Mary Catherine Bateson
Anthropologist and Author,
Daughter of Anthropologist Margaret Mead
"Composing Community in a Diverse, Changing World"
October 4, 2001

Mary Catherine Bateson: One of the things that people have been repeating since September 11th is that everything is different. It is that repeated statement and the experience behind it that I want to start from. Because, of course, it is not true that everything is different. The New York skyline is different. There is a material change, an absence. It is very interesting to go and look at an absence. Many peoples’ lives are changed by the loss of relatives and friends, individuals, and those are changes that are going to be very direct and immediate. But, for most of us, when we say that everything is different, what we are talking about is a change in our perception—a difference in the way we see the world and ourselves in it. Part of that difference has to do with a sense of vulnerability: America, which has felt safe behind its oceans most of the time, feels vulnerable in a new kind of way.

Another way in which everything is different has to do with the wave of patriotism that is sweeping across the country. Some of it I find rather disconcerting—I have never been much of a flag waver. But I asked a student about all the flags and he said to me, "You know, it never occurred to us to think about what it meant to be American. It was just something we could take for granted." So, for him, something that he had taken for granted suddenly became central. That is a very fundamental change in perception.

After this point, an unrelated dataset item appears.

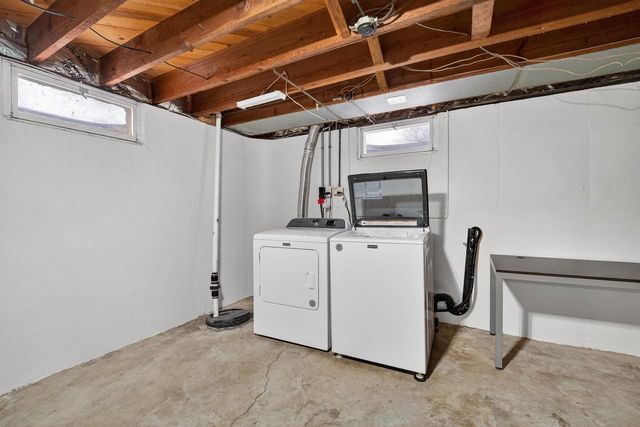 1120 S 6TH STREET, De Pere, WI 54115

The last change in perception I want to talk about has to do with the financial structure of our country and its interconnections with the financial structure of the entire world. Now, you all know that money doesn’t exist—that those green and gray pieces of paper are intrinsically worthless and useless for most purposes. The importance of money comes from a social agreement to give it value. One of the things that we are seeing is that although the social agreement has not fallen apart, the whole complicated structure of value associated with corporations and the whole structure of credit—this incredible virtual reality of credit we live in the middle of—is shaking, with very real implications.

A friend of mine said to me the other day when I was talking about money, "I see what you mean. We live in one of the great ages of faith." Because we believe that this incredible mythological construct represents a reality, and as long as we believe it, it does. So, seeing that, we are shaken. This is another kind of vulnerability.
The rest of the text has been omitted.